Utopisch, skeptisch, energetisch

von Dorothea Marcus

Recklinghausen, 4. Juni 2009. Länger hat es gebraucht, bis Darja Stocker ihr zweites Stück geschrieben hatte - länger als üblich unter hochgelobten Nachwuchsautoren, besonders wenn sie erst 26 Jahre alt sind. Ein Jahr brauchte sie ihr erstes zu schreiben: Mit "Nachtblind", einem Stück über Gewalt von Jugendlichen aus scheinbar intakten Familien, hat sie 2005 den Heidelberger Stückemarkt gewonnen und wurde gleich zu den Mülheimer Theatertagen eingeladen.

Leben können wird sie von diesem Schreibrhythmus vermutlich schwerlich - andererseits kann es Theatertexten ja auch nur gut tun, nicht in einem halben Jahr aus dem Boden gestampft zu werden, um nach einer Uraufführung für immer zu verschwinden.

Man merkt Darja Stockers Stücke an, dass sie Tiefe haben und suchen, sie erzählen konkrete Geschichten in einer poetisch verdichteten, durchgearbeiteten Sprache.
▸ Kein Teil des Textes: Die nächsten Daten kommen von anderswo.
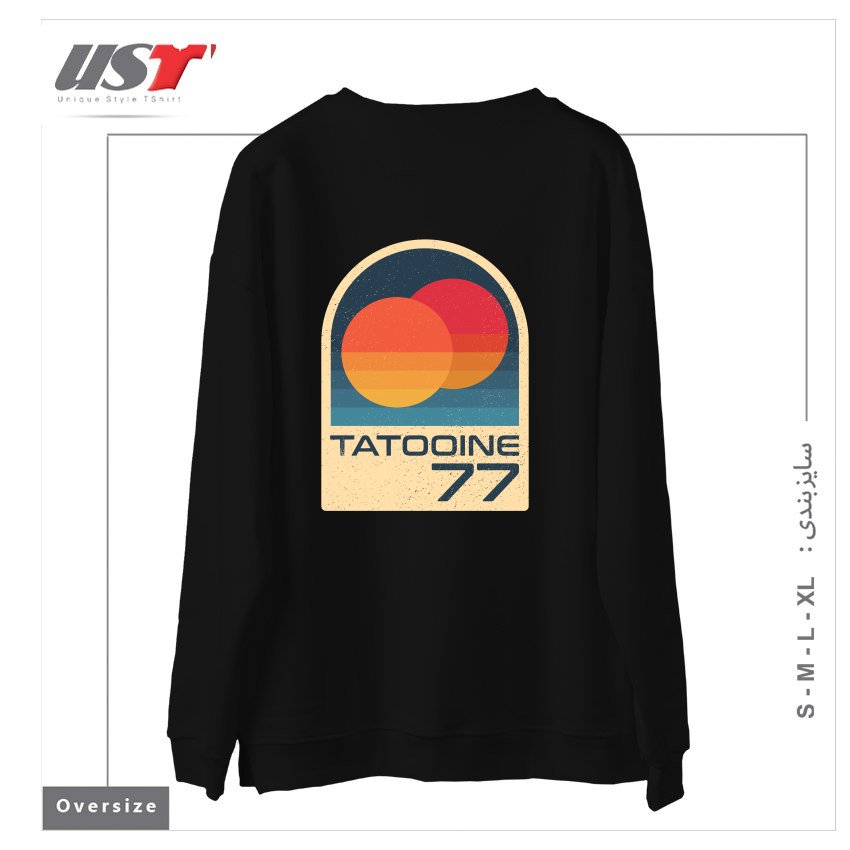 طرح ICONIC PLANET WITH DOUBLE SUN سوییشرت اورسایزرنگ مشکی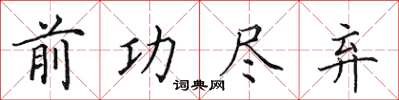 田英章前功尽弃楷书怎么写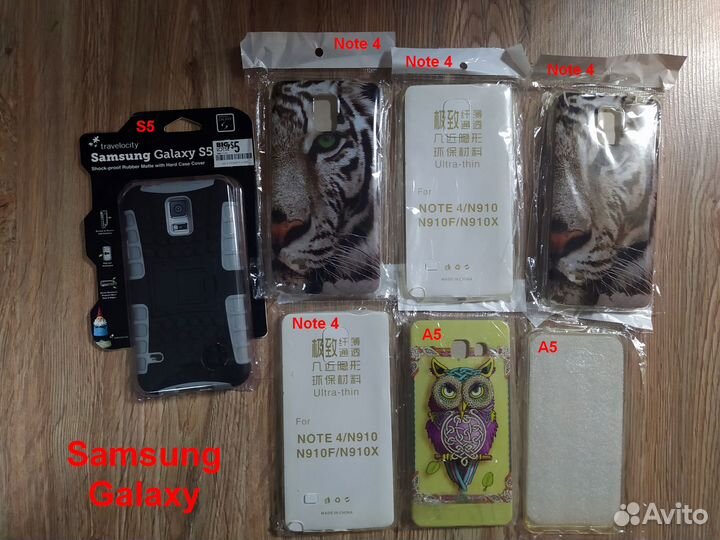 Новые чехлы для iPhone, Samsung Galaxy, Redmi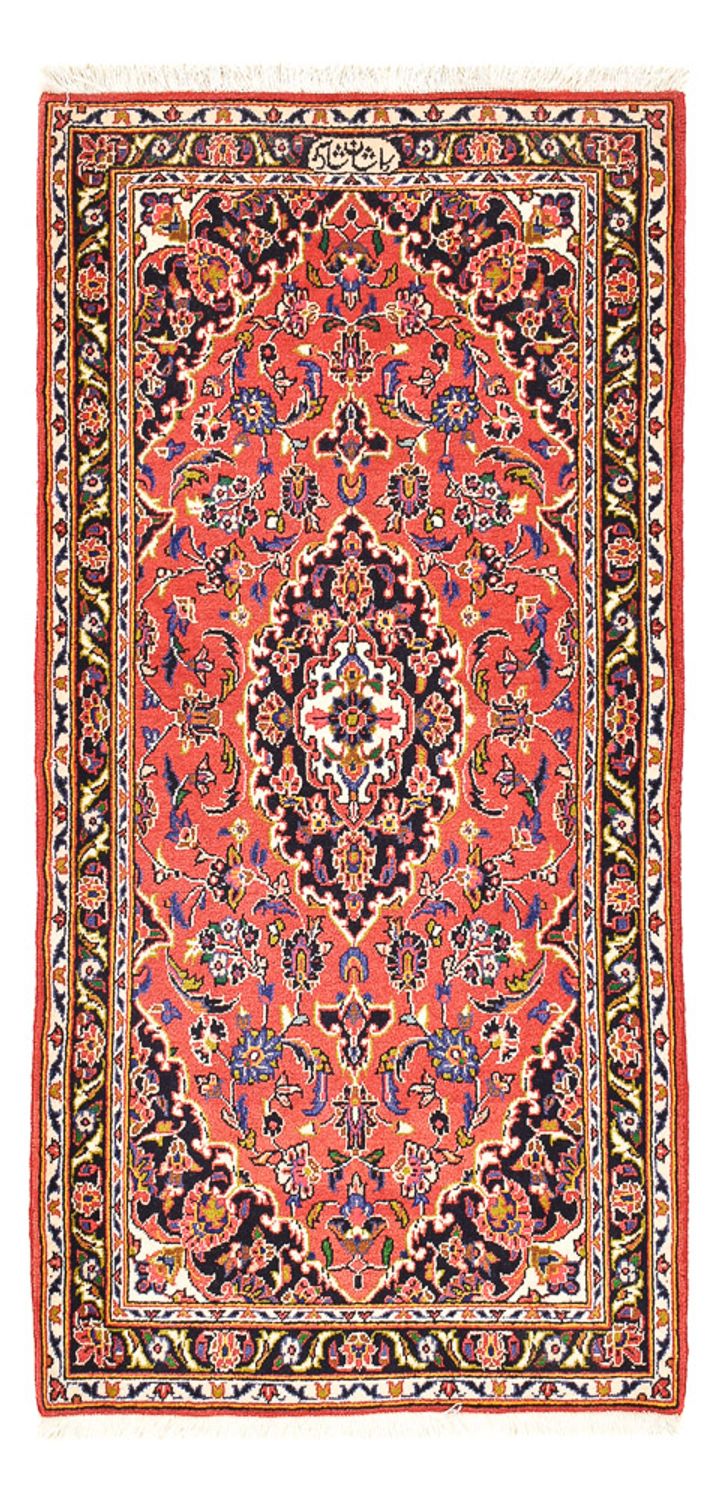 Perzisch tapijt - Keshan - 125 x 75 cm - rood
Das fällt auch ihrem zweiten Stück so angenehm auf, das Darja Stocker für das Berliner Maxim Gorki Theater als Auftragswerk geschrieben hat und das Armin Petras nun bei den koproduzierenden Recklinghauser Ruhrfestspielen zur Uraufführung brachte (die Berliner Premiere findet im September statt).

Ist Widerstand möglich?

Bei "Zornig geboren" handelt es sich um eine dichte Aneinanderreihung von kleinen, zunächst zusammenhanglosen Szenen aus unterschiedlichen Zeiten und Räumen, in denen es darum geht, ob und wie politischer Widerstand möglich ist - in der Französischen Revolution, in der Nazi-Zeit, heute.
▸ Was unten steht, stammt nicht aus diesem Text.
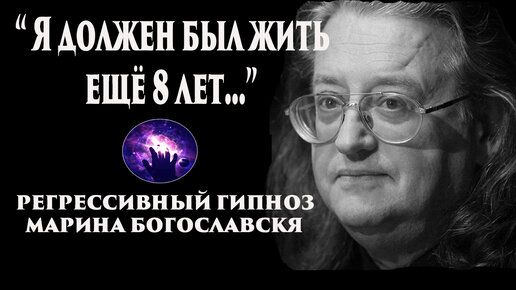 Александр Градский умер. Общение с душой через гипноз. Ченнелинг 2021.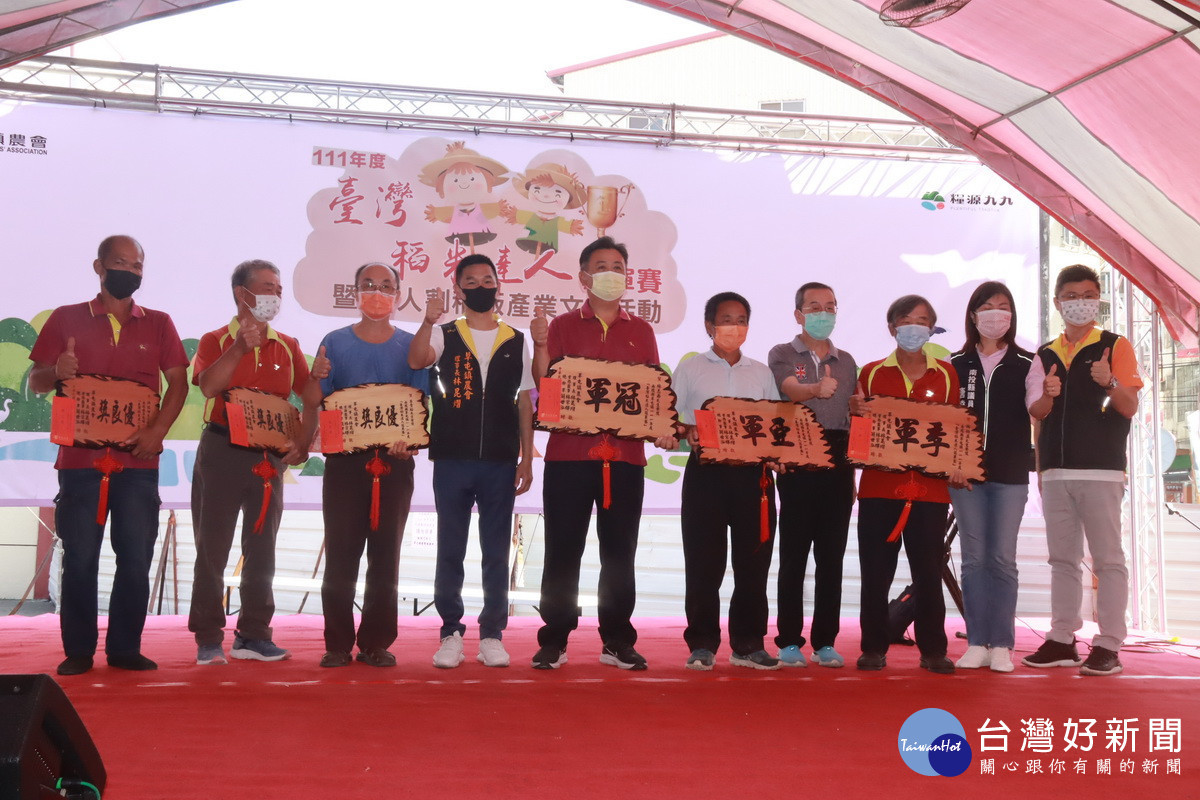 稻米達人接受頒獎表揚。（記者扶小萍攝）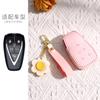 Applicable To 22 Changan Cs75Plus Key Sets Unit Special Auchan X7 Yidong Cs35Plus Shell Buckle Women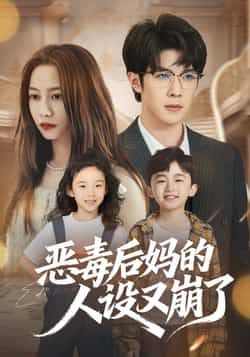 热门短剧恶毒后妈的人设又崩了全集完整版免费无广告在线观看未删减版，百度网盘夸克网盘免费资源分享下载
In der Gegenwart beginnt das Stück mit Sophie, gespielt von einer hinreißenden Britta Hammelstein: Sophie besucht ihre Großmutter in Biarritz, Olivia, die in der Resistance war - die jugendliche Cristin König ist leider mit ihrer zottelig grauen Perücke und ihrem schwarz glitzernden Abendkleid als Großmutter etwas unglaubwürdig.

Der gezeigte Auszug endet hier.